The saddest part of the film, to me, is that they still have a chance, they still could make the choices that would set things right, and they don’t. They go back to Vijay’s apartment and Trisha talks about finding him a wife, trying to retreat to the lie that things will work out. But it falls apart quickly, by the time they are at the airport, she is begging for just a few more minutes with him. He buys a ticket on the same flight, to Singapore, so he can be with her until the gate. It’s a nice small moment but, I think, it was also on purpose to show the audience how easy it would be for him to take that next step, to get on the plane with her, to go to Singapore and meet her daughter and her husband and see if they can somehow be together still. But, he doesn’t. They choose misery when happiness is still in their grasp.

I know that in India and the Indian film world marriages are hard to break. And in any world, a marriage is a serious thing when there is a child involved. But this is a movie that has already broken the rules, already shown that the connection between them goes beyond any simple social rules. And it is a movie that has already shown how the price of following those little restrictions instead of breaking through them was a lifetime of unhappiness. If Trisha hadn’t been stuck in a girl’s college where she couldn’t talk to boys, if Vijay hadn’t been shy about getting in touch with her for 5 years, if Trisha had tried harder to get in touch with him, they could have had their happy ending. The fear of simple small rule breaking kept them locked in place. And it is still keeping them locked, they say good-bye at the airport like it is a forever good-bye, no discussion of phone calls or emails, or of planning to meet again. They are accepting their fate, instead of fighting against it, even in the smallest degree.

To me, that is the tragedy of the film. That they are a couple that still feels locked in those childish roles, that they won’t make an effort to reach for happiness. That this night, in the end, will change nothing because they won’t let it change things.

I see that there were various accusations of “inspiration” for this film, including a Hollywood film Blue Jay (totally disagree with that, the only thing they seem to have in common is reunited high school sweethearts which is hardly an unusual concept). But to me what it reminds me of the most is the Before series. And I would love for it to continue the way that series did, with a great leap into the unknown for the romantic genre.

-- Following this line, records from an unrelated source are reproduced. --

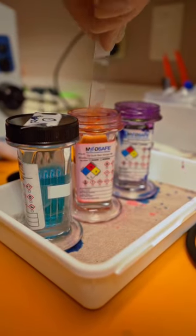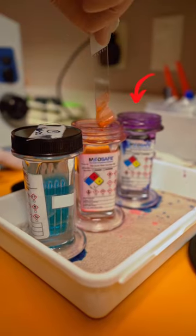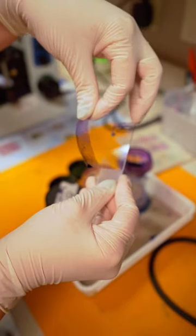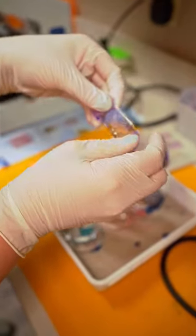Next, we will stain the slide by dipping the sample 10 to 12 times in the red stain. You will repeat the process in the dark blue stain as well. Once done staining, lie the piece of tape flat on the slide, being sure to wipe away any excess stain.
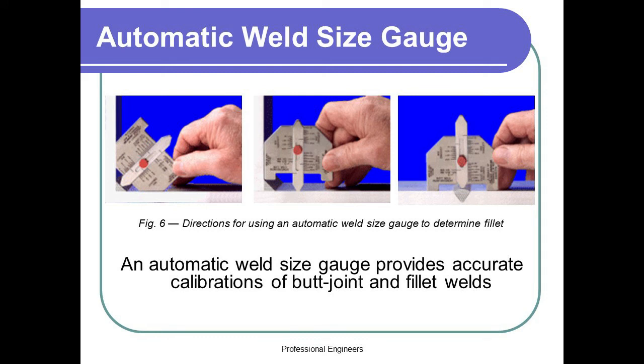Automatic Weld Size Gauge. An automatic weld size gauge provides accurate calibrations of butt joint and fillet welds.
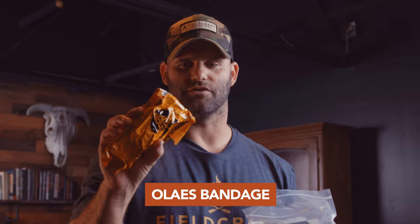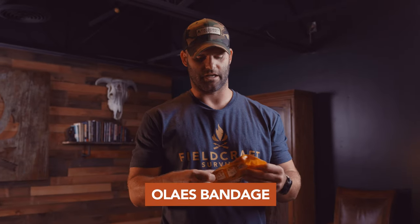Next, we have the Elias Bandage. The Elias Bandage, to me, is one of the absolute best pressure dressings out there on the market today. That is basically because inside of here, I have wound packing material and the pressure dressing that most people are familiar with — the gauze pad and being able to wrap around all the edges.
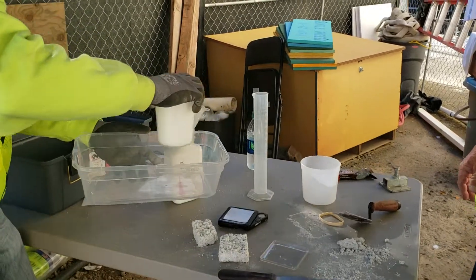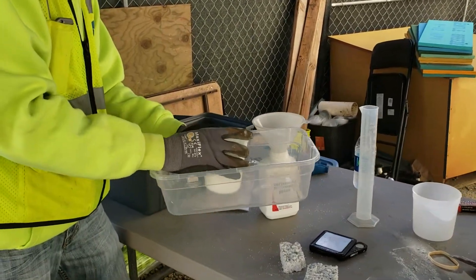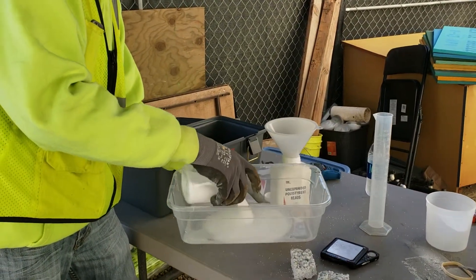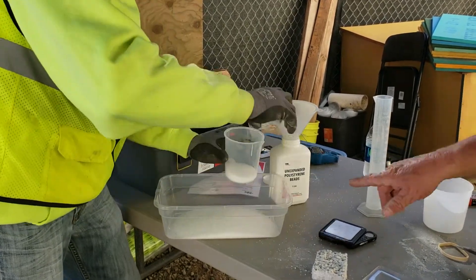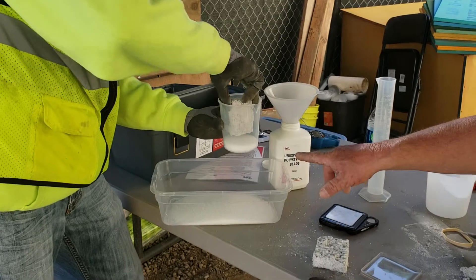Now we don't want to lose any of these beads, so we dump them out to make room for our sample. We leave a little bit in the bottom — yes, we want to leave some in the bottom.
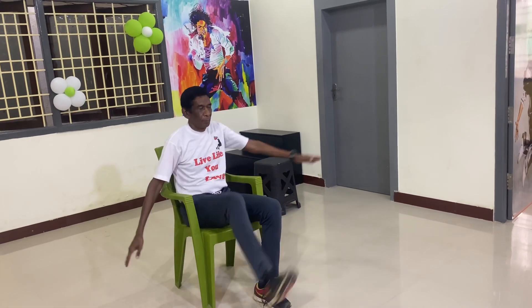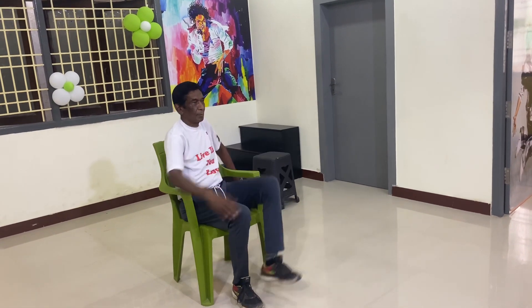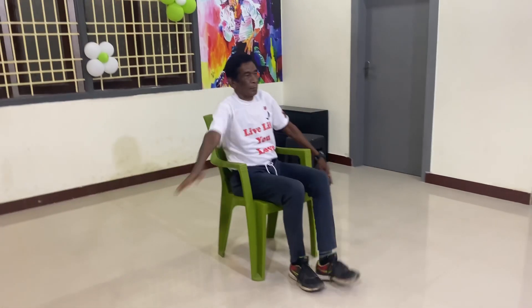Ready? Start. Ready, sir? 1, 2, 3, 4, 5, 6, 7, 8, 9, 10.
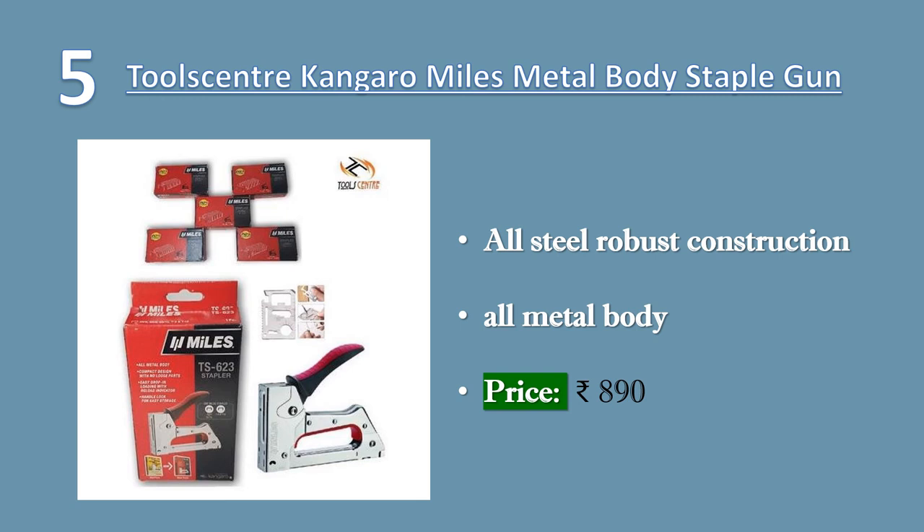All steel robust construction, all metal body, compact design with no loose parts. Handle lock for easy storage, soft grip rubber handle for extra working comfort. Price: 890 rupees.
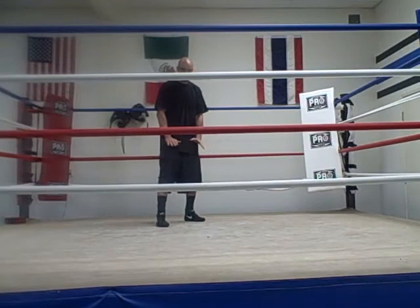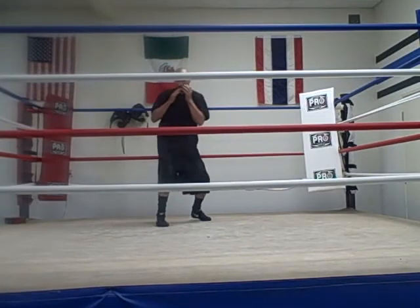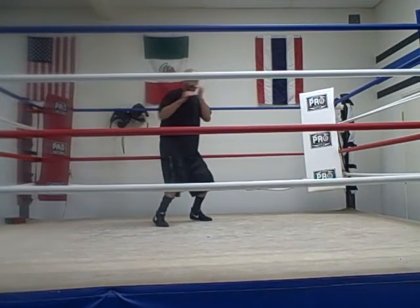Don't be having concrete feet where you're just locked in. So if I slip, everything is moving — my knee — and I'm on good balance. I slip, I can throw the cross; I slip, I can throw the hook.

The Before series started with a small film Before Sunrise featuring two young actors Ethan Hawke and Julie Delpy playing a young couple who meet and spend a long night together. They are in Europe, Ethan Hawke is an American student traveling through, Julie Delpy is French. It starts as a silly pick-up on a train between a young man and a pretty girl. But then they spend the night talking and it grows into something much deeper than any logic says it should be. At the end, they promise to meet again in 6 months. What made it special was this amazing bond that formed between the two characters, much more than the typical simple romantic film story. It’s the same bond that is built in the flashbacks in this film, starting like the usual high school romance and becoming so much more than that.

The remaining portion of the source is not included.